I lugged all my camping gear to use 1 night.  Normally I wouldn't do that, but camping out in Chisos Basin is not something that comes around often.  Noway was I going to miss it.  

I broke out the Plexus and cleaned the screen and fairing of the RT, and took this awesome pic below.
​ Late afternoon Chisos Basin.   Now this is Long Riding
The sun went quietly behind the rocks, and all of sudden it was pitch black.  

After setting up camp I rode in the darkness to the lodge for something to eat.  The restaurant was busy, but that was ok.  I had my journal, along with my photo and video editing to keep me busy till my chicken and baked potato arrived.  It has been my experience that most National Park food is above average, albeit a little pricey.

A tour bus crowd numbering about 50 occupied half the tables in the restaurant.  I'd say most were in their 60s, but a few younger folks were sprinkled in the mix.

I finished supper and was working on my journal when a young lady about 35 came over to speak to me.  
"Do you have a wi fi signal?"

"Noooooooooo baby, I'm working offline."

I was in the "stich" pants and my helmet was on the table.  I always bring it in because it brings attention.
She sat down at the empty chair across from me.  "Do you have a Harley?"  For any non rider, a bike is a Harley.  What a great marketing job they have done.
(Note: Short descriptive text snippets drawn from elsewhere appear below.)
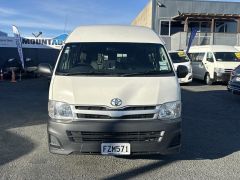 Photo of the vehicle Toyota HiAce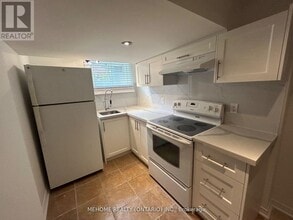 Building Photo - 83 Cornwallis Dr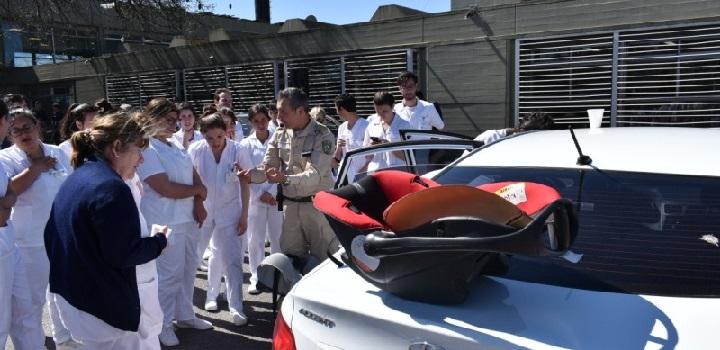 Funcionarios de DPNT mostrando instalación de SRI Funcionarios de DPNT mostrando instalación de SRI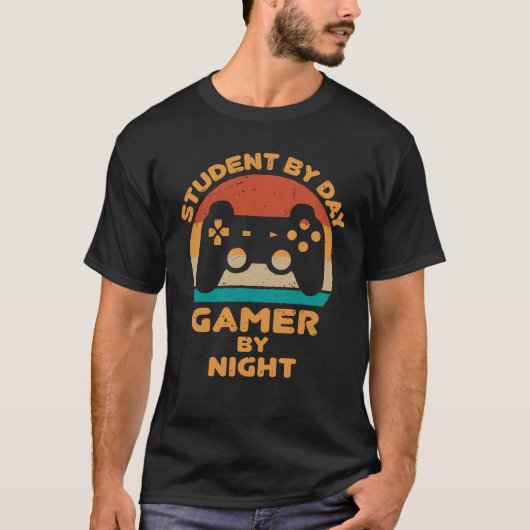 昼は学生、夜はゲーマー、卒業生ゲーマー Tシャツ (正面)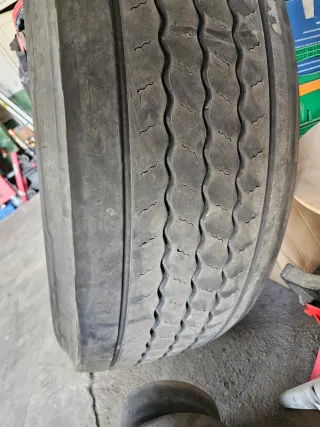 Pareja continental semirremolque 385/65 R 22.5
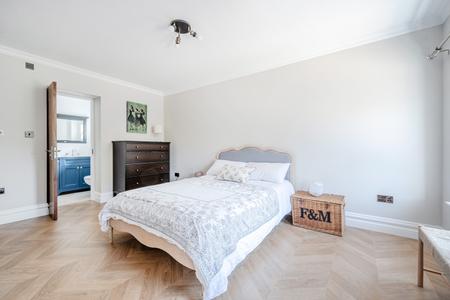 for sale bakers wood london 72051 - Gibbs Gillespie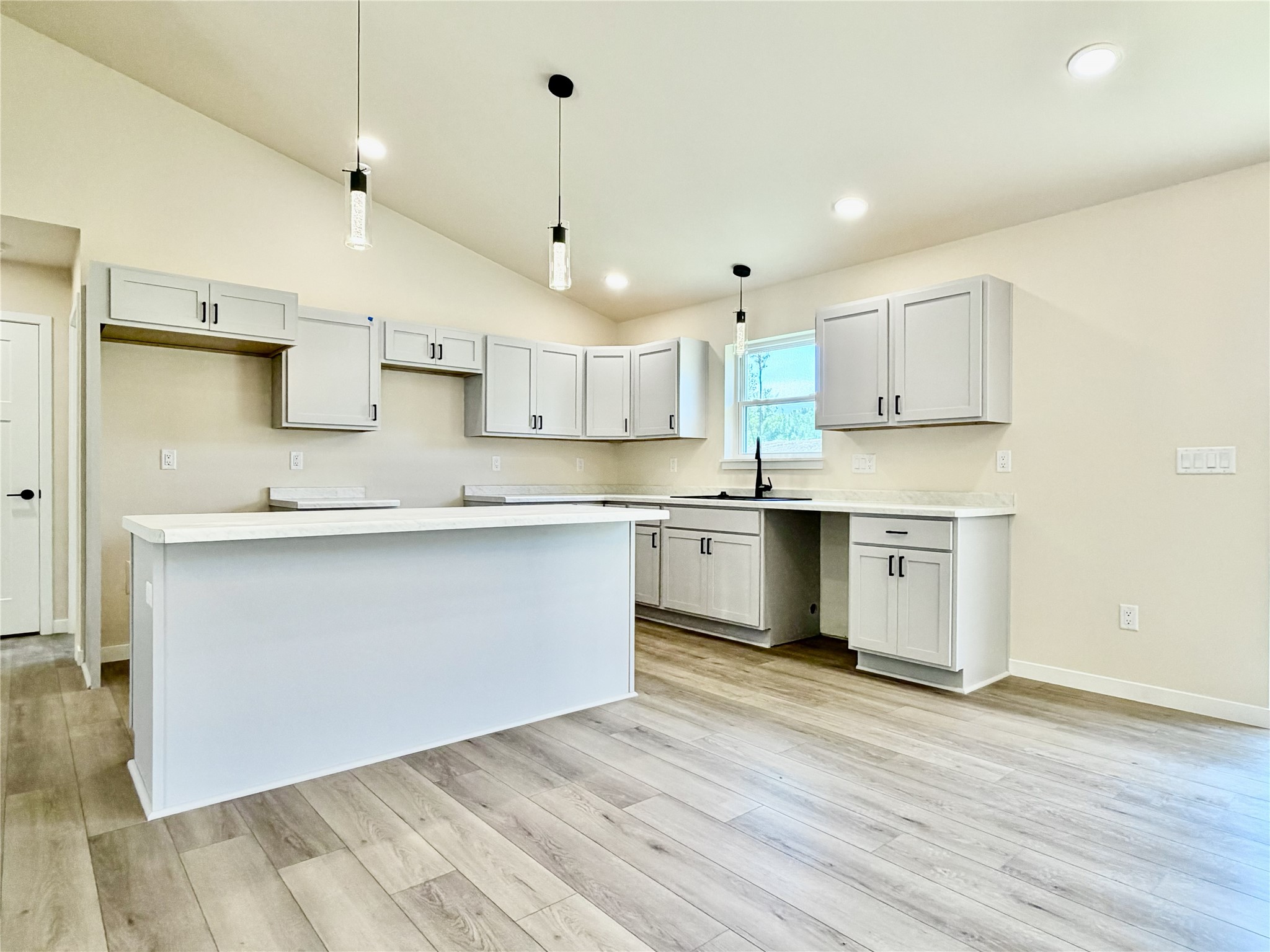1351 Knapp Street Chetek WI 54728 1602143 image12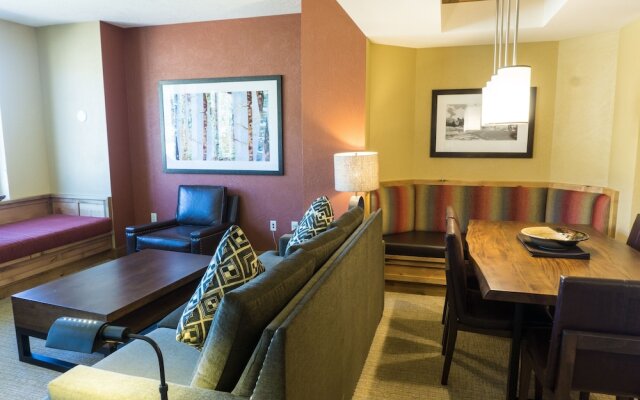Exquisite Condo, Great for Families, Ski in/out by RedAwning - Save 20% on 7+ Nights!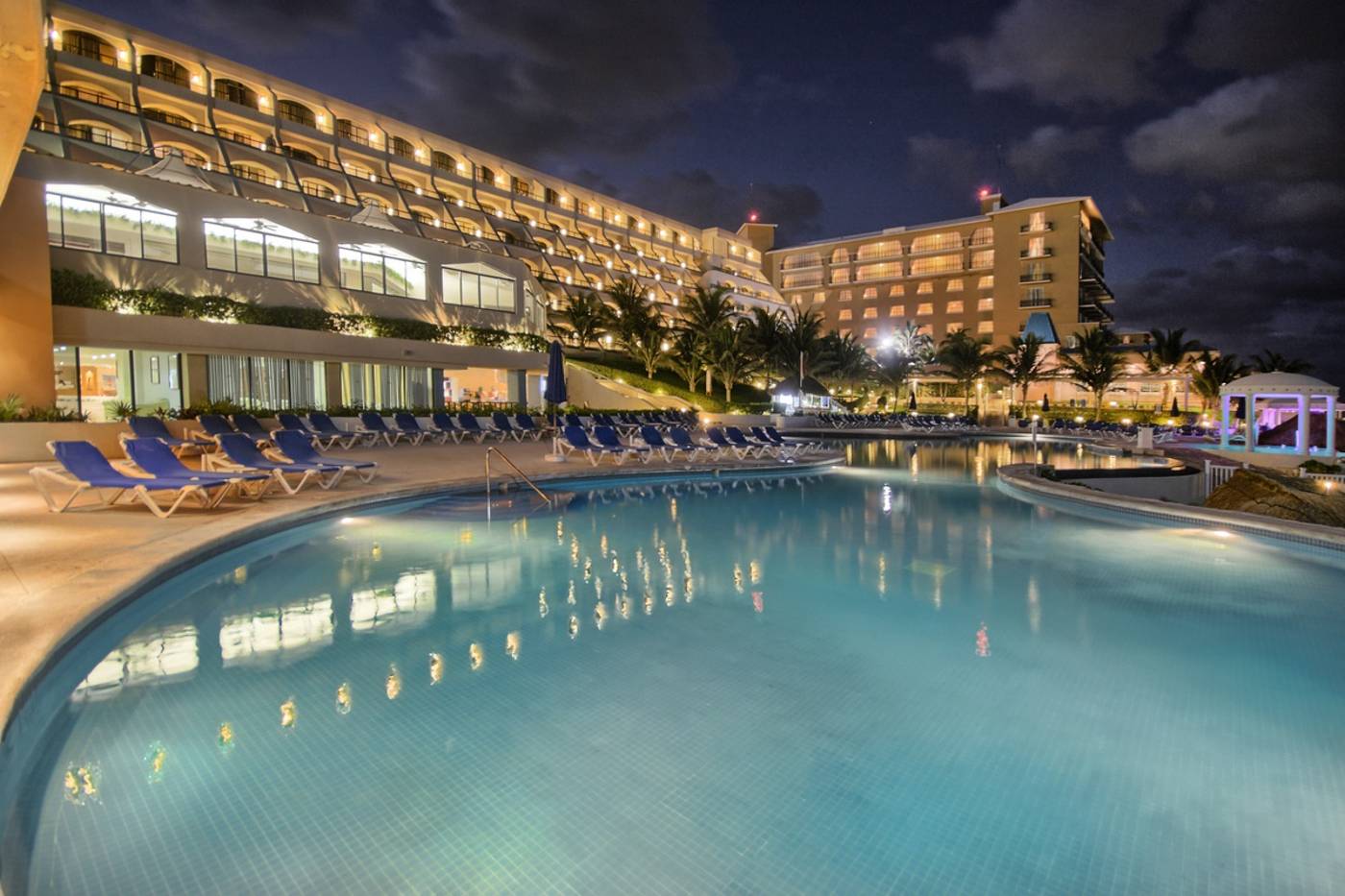 Golden Parnassus Resort & Spa - Adults Only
"No, its a sport touring bike, you're with the tourist bus?"

"Yeah, and DON'T laugh"

"so who ya have with ya?"  

"My two boys over there," as she pointed them out.  They looked like model Boy Scouts. 
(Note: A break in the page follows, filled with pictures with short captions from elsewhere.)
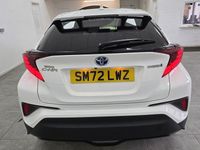 Used Toyota C-HR 122 HP (89 kW) 2022 White SUV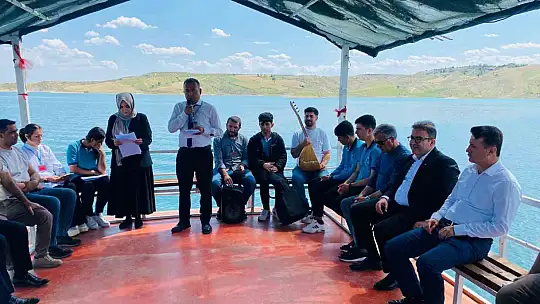 Fırat'ın Samsat kıyısında şiir aktı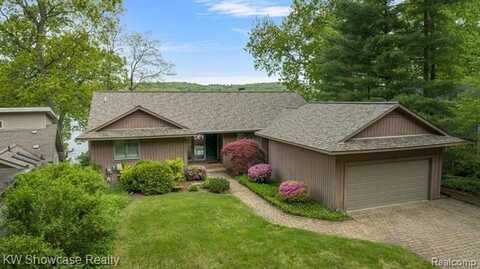 5867 COMMUNITY Drive, Brighton, MI 48116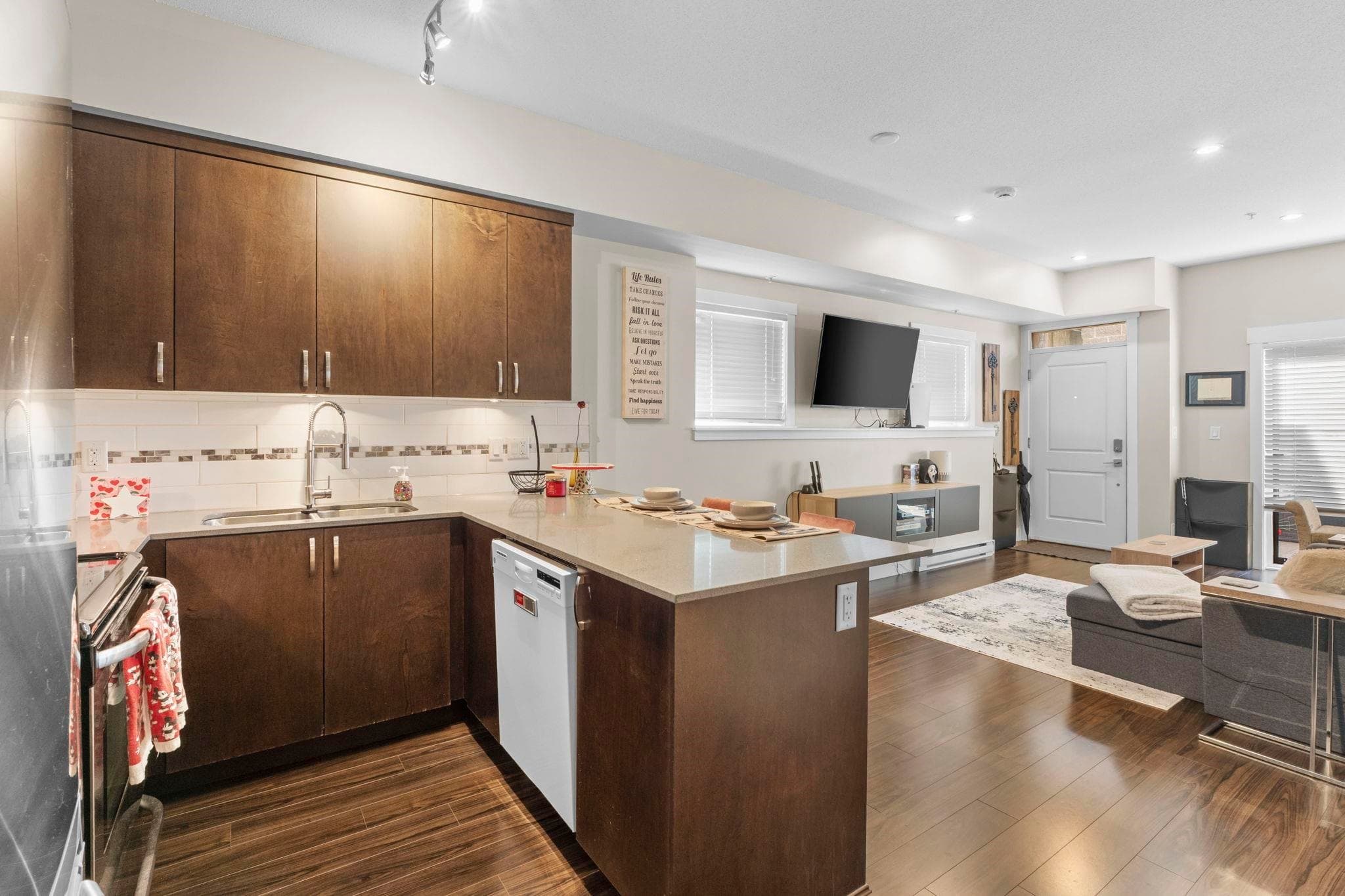 16 - 838 Royal Avenue, New Westminster, V3M 1J9 — photo 4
"We are on spring break, so I booked this tour through a agency, and here we are.  We're going to San Antonio tomorrow."

"I just left there, lotta fun.  My wife flew in for a conjugal visit, and we had a blast."

"well have a safe ride, I bet ridin is fun, gotta get back to the lodge."

"Ok baby be good"

The night was dark when I left the restaurant for the nearby store.  I paid 3 something for a jar of jelly I can get at Super Wal Mart for a 1.25?  But when you need it you need it.

I didn't have my regular glasses and had to make the short ride back to the tent in sunglasses.  Talk about not being able to see.  I had a choice-look at everything in the dark, or look at the world fuzzy.

Back at the tent I squared everything away and got ready for bed.  The night would be just right.  Temp in the 50s.  "Man, I wish I'd bought my DVD player,"  because I wasn't really sleepy, and was bored.

A half moon appeared above and given the dark nature of the Basin, it was bright.  The campground was quiet and dark, but I still had trouble getting to sleep.  I set my watch for 6am and tossed and turned for the longest.
I'm going to put this day in the Hall of Fame.